- Directed by: Hoda Sobhani
- Screenplay by: Jack Rowles Robert Wallace *
- Story by: Neda Naji
- Produced by: Hoda Sobhani Elle Toussi Suzanne Kianpour
- Narrated by: Neda Naji
- Edited by: Alex Ezorsky Michael Flowe
- Music by: Benjamin Sturley
- Animation by: Beatriz Felix
- Release date: November 14, 2025;
- Running time: 11 minutes
- Country: United States
- Languages: Persian English

= That Night (2025 film) =

2025 documentary film by Hoda Sobhani

That Night is a 2025 American/Iranian documentary film directed by Hoda Sobhani, with story and narration by Neda Naji, who relates her personal experience in an Iranian prison. The film was released on November 14, 2025.
==Production==
Director/producer Hoda Sobhani, a filmmaker, a friend of Naji, and a member of the Iranian diaspora, said she made the film to "amplify" the voices of the victims of the Iranian regime, especially the prisoners of Evin Prison.

Citing "dangers posed by the repressive Iranian regime," Sobhani decided that creating a traditional documentary would be impossible -- instead choosing animation to present those experiences "creatively and safely," and make the focus on the "human" aspect of the story, rather than abstract headlines and statistics.

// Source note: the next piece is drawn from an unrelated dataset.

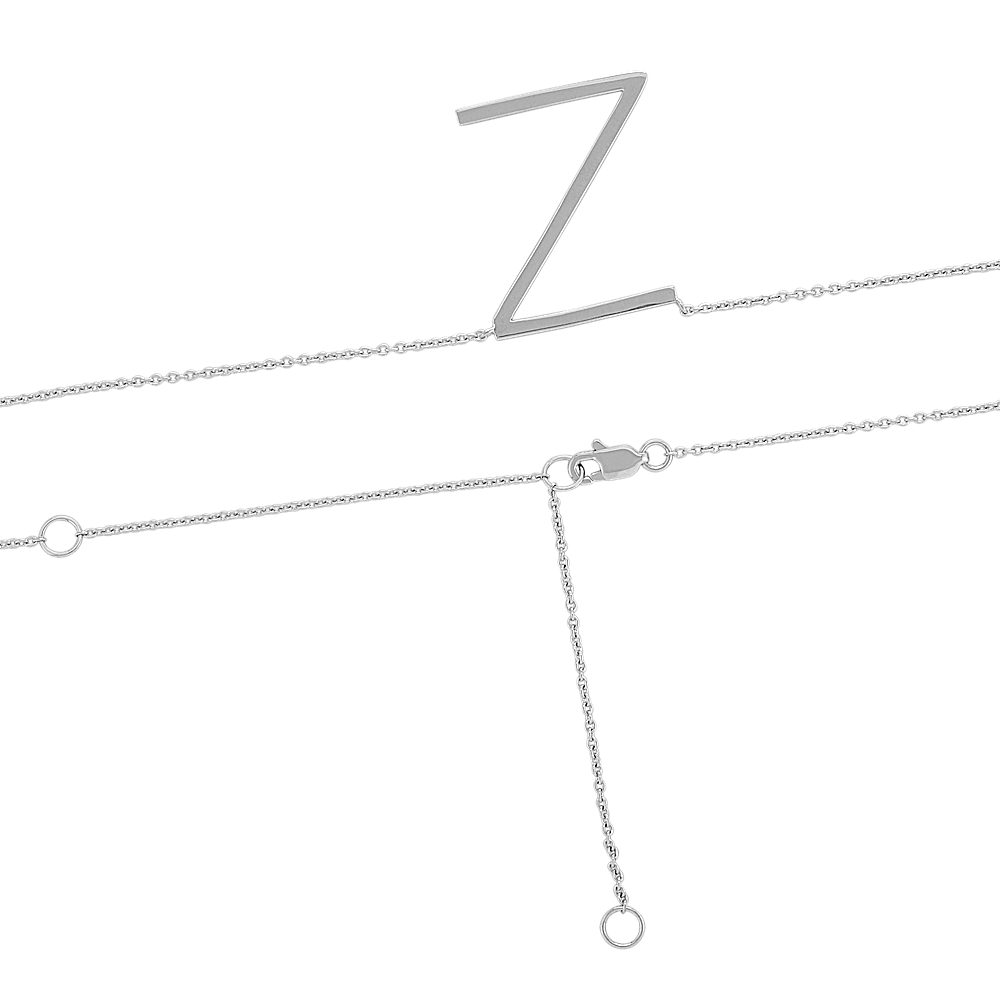 Letter Z Necklace in Sterling Silver (20 in) Shane Co.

Sobhani said her goal was to "foster empathy and [to] inspire" -- among "the Iranian diaspora" and throughout "the international community" -- "recognition" for "the sacrifices made [by protesters] for freedom and human rights," hoping the film would "galvanize support and encourage action" that would result in "a more just and free society."

==Plot==

In Iran, during the 2022 "Woman, Life, Freedom" movement, thousands of Iranians were imprisoned, tortured, and/or killed by the authorities and their surrogates. Among the imprisoned was Neda Naji, an Iranian woman who was held in Evin Prison in Teheran. A fatal fire erupted at the prison, on the night of October 15, 2022, while Naji was there. She survived, and was eventually released from the prison, later leaving Iran. The animated film is her prisoner's-view account of the event and surrounding events, detailing what she and her fellow prisoners endured, and how they survived.

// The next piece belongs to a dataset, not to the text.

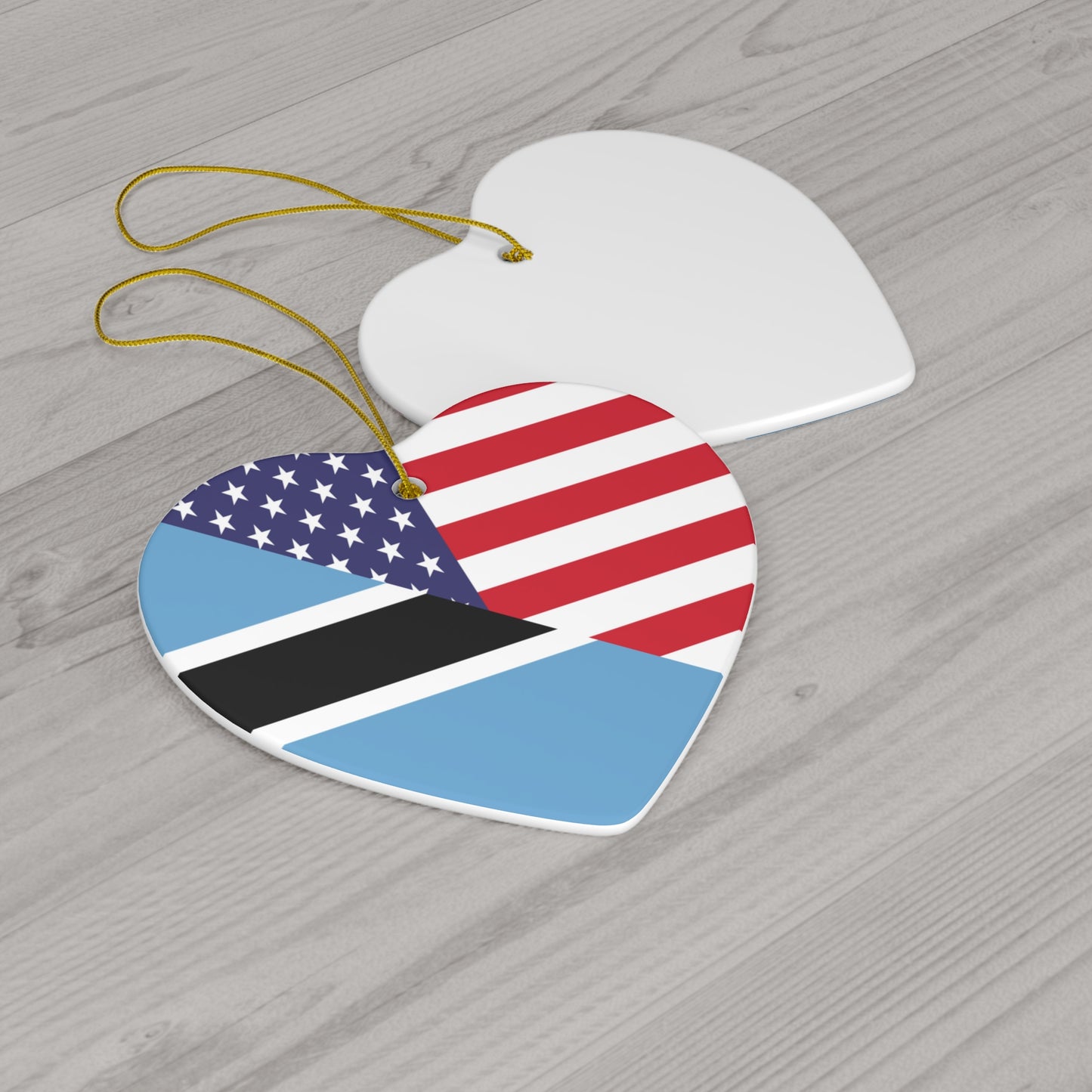 Botswana American Flag USA Ceramic Ornament | Christmas Tree Ornaments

== Recognition and reception ==
That Night has been selected for presentation at various film festivals, including:
- 41st Santa Barbara International Film Festival
- Annecy International Animation Film Festival
- "She Stories" film festival, DOC NYC
- 53rd Athens International Film + Video Festival
- Denver Film Festival's "Women+Film Festival" program

Journalist-commentator Christiane Amanpour, in her television segment about the film, interviewing the director, described the film as "powerful".

In reviewing the film, the Italian newspaper La Voce described it as "not just a film, [but] an archive of living memory... a complaint that transcends borders," and especially "an urgent record for the world."